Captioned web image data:
═══

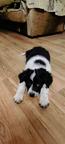 Border Collie/Karakachan Puppies - Border Collie (297)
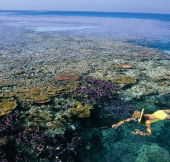 Split Bommie Dive Site - Attractions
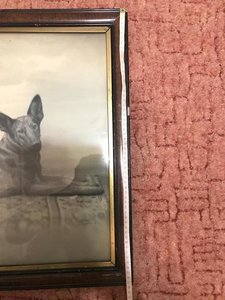 Художник Sztuka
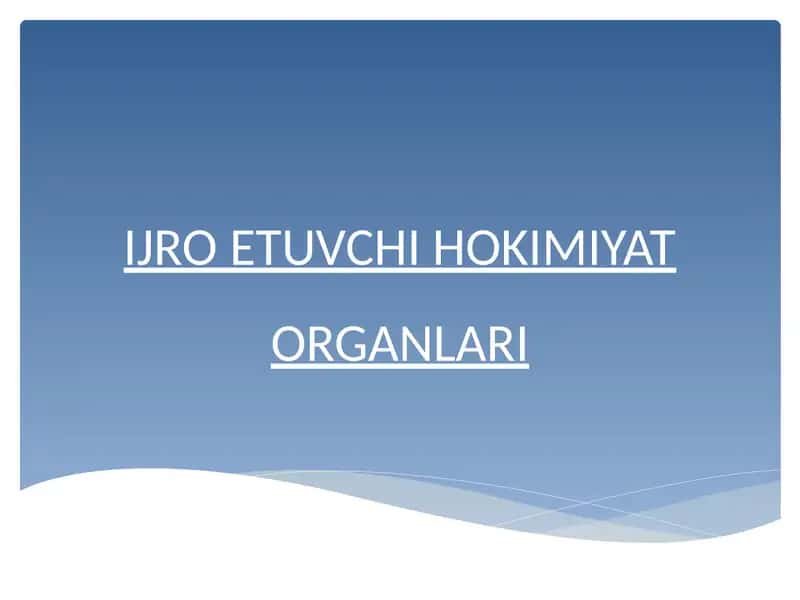 IJRO ETUVCHI HOKIMIYAT ORGANLARI
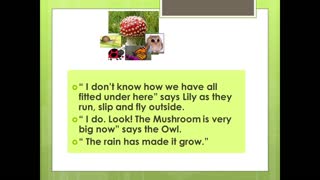 How Much Room does a Mushroom Have// children story//Moral story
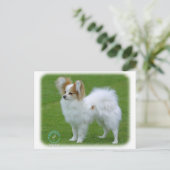 Papillon Postkarte (Stehend Vorderseite)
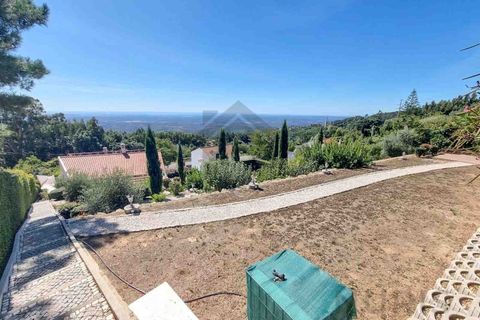 Villa i Monchique, Faro, Monchique - € 949.000 | Ref: NU_5659 - foto 42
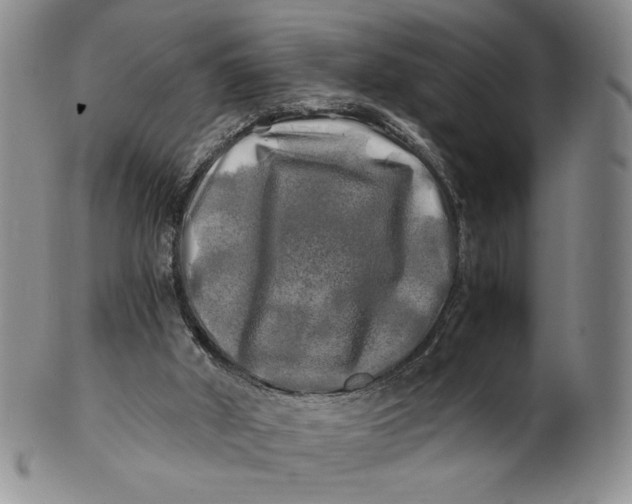X0000100760010200807101738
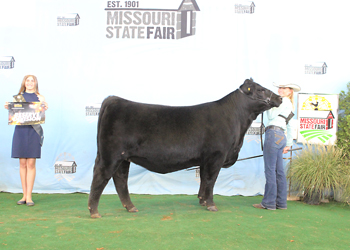 Reserve Early Junior Champion Heifer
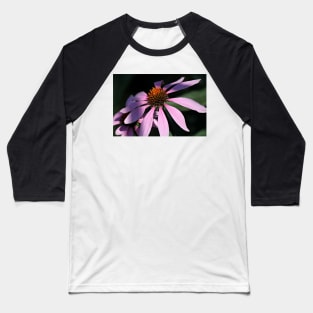 Purple Coneflowers Baseball T-Shirt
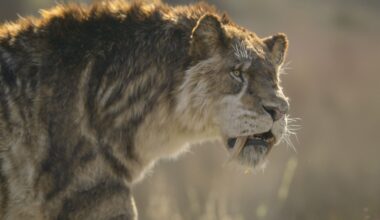 Inside the Painful End of the Saber-Toothed Cat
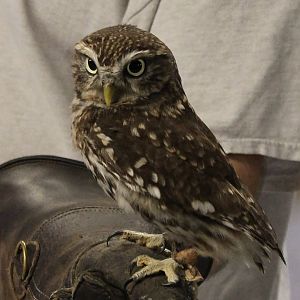 Little owl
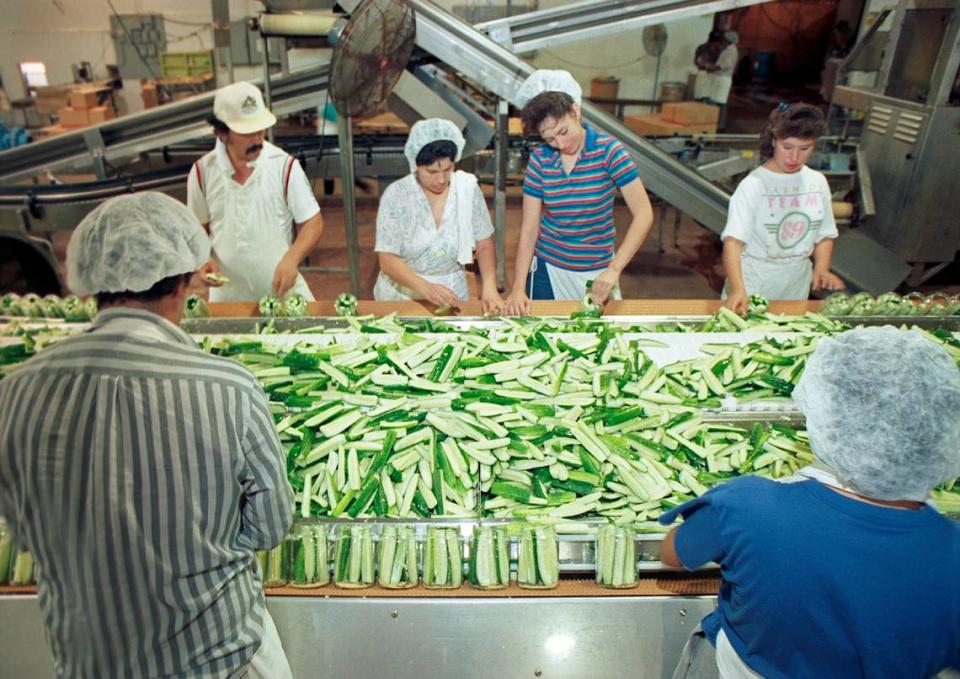 Workers on an assembly line pack jars with pickles at the Best Maid factory. [FWST photographer Norm Tindell]
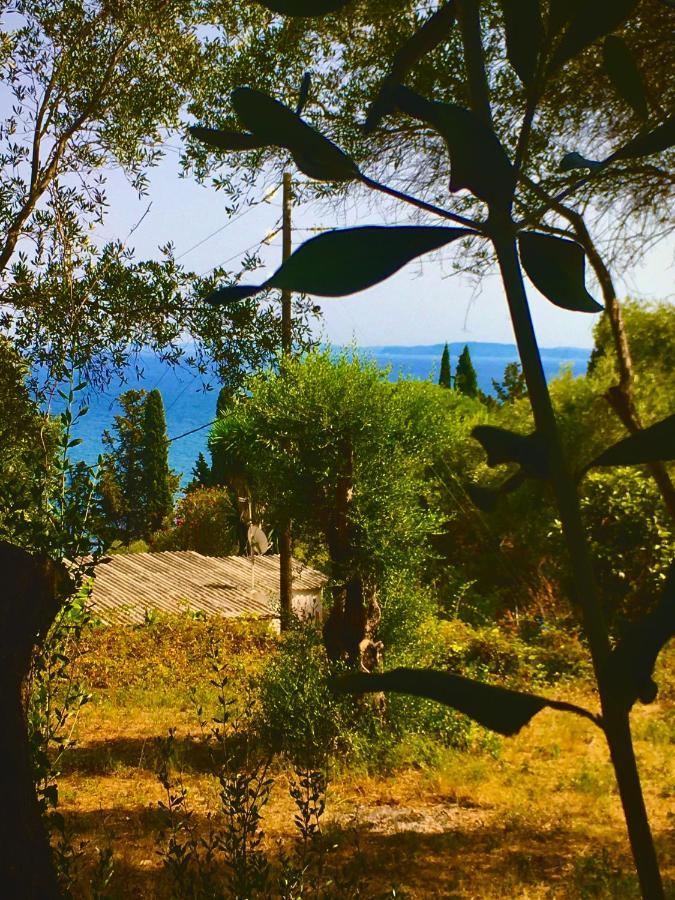 Anna's House Perama (Corfu)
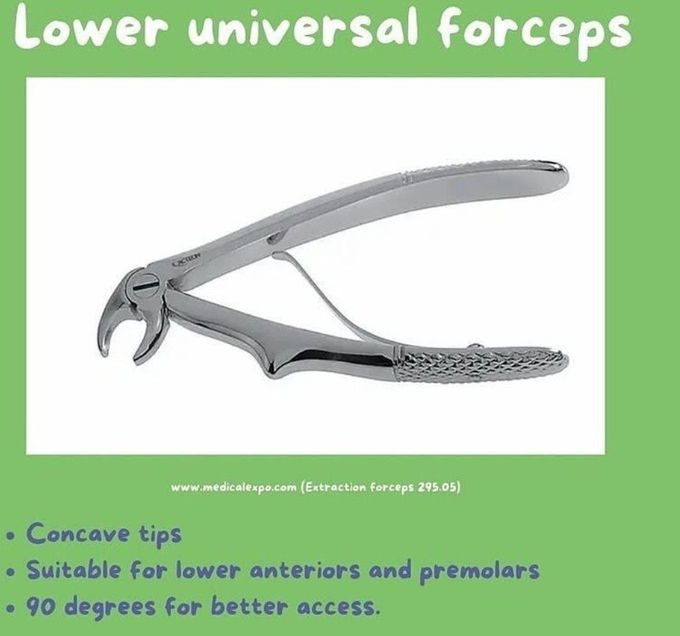 Lower Universal Forceps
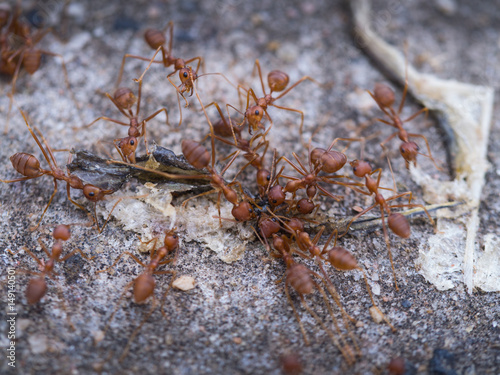 Ants Help to  Take a Food photo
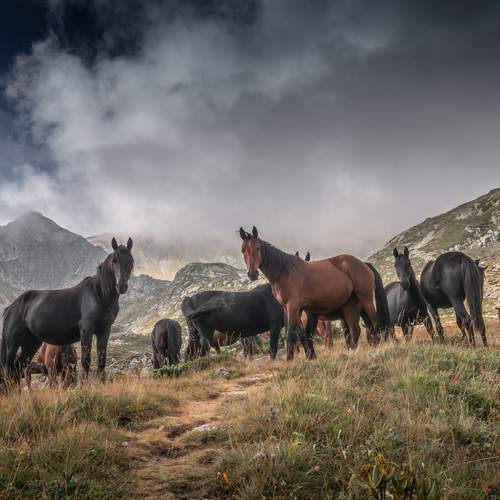 Фотография #13101652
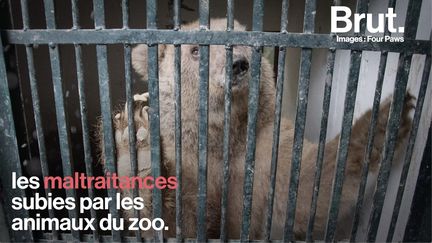 Après des années de maltraitance, ces animaux vont enfin être libérés du zoo de Marghazar, au Pakistan. Sur place, l'ONG Four Paws aide les autorités à les transférer vers des sanctuaires.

═══

Your goal:
In the answer, the data should reappear exactly, with no pictures.

Solution for this task:
 Border Collie/Karakachan Puppies - Border Collie (297)
 Split Bommie Dive Site - Attractions
 Художник Sztuka
 IJRO ETUVCHI HOKIMIYAT ORGANLARI
 How Much Room does a Mushroom Have// children story//Moral story
 Papillon Postkarte (Stehend Vorderseite)
 Villa i Monchique, Faro, Monchique - € 949.000 | Ref: NU_5659 - foto 42
X0000100760010200807101738
 Reserve Early Junior Champion Heifer
 Purple Coneflowers Baseball T-Shirt
 Inside the Painful End of the Saber-Toothed Cat
 Little owl
 Workers on an assembly line pack jars with pickles at the Best Maid factory. [FWST photographer Norm Tindell]
 Anna's House Perama (Corfu)
 Lower Universal Forceps
 Ants Help to  Take a Food photo
 Фотография #13101652
 Après des années de maltraitance, ces animaux vont enfin être libérés du zoo de Marghazar, au Pakistan. Sur place, l'ONG Four Paws aide les autorités à les transférer vers des sanctuaires.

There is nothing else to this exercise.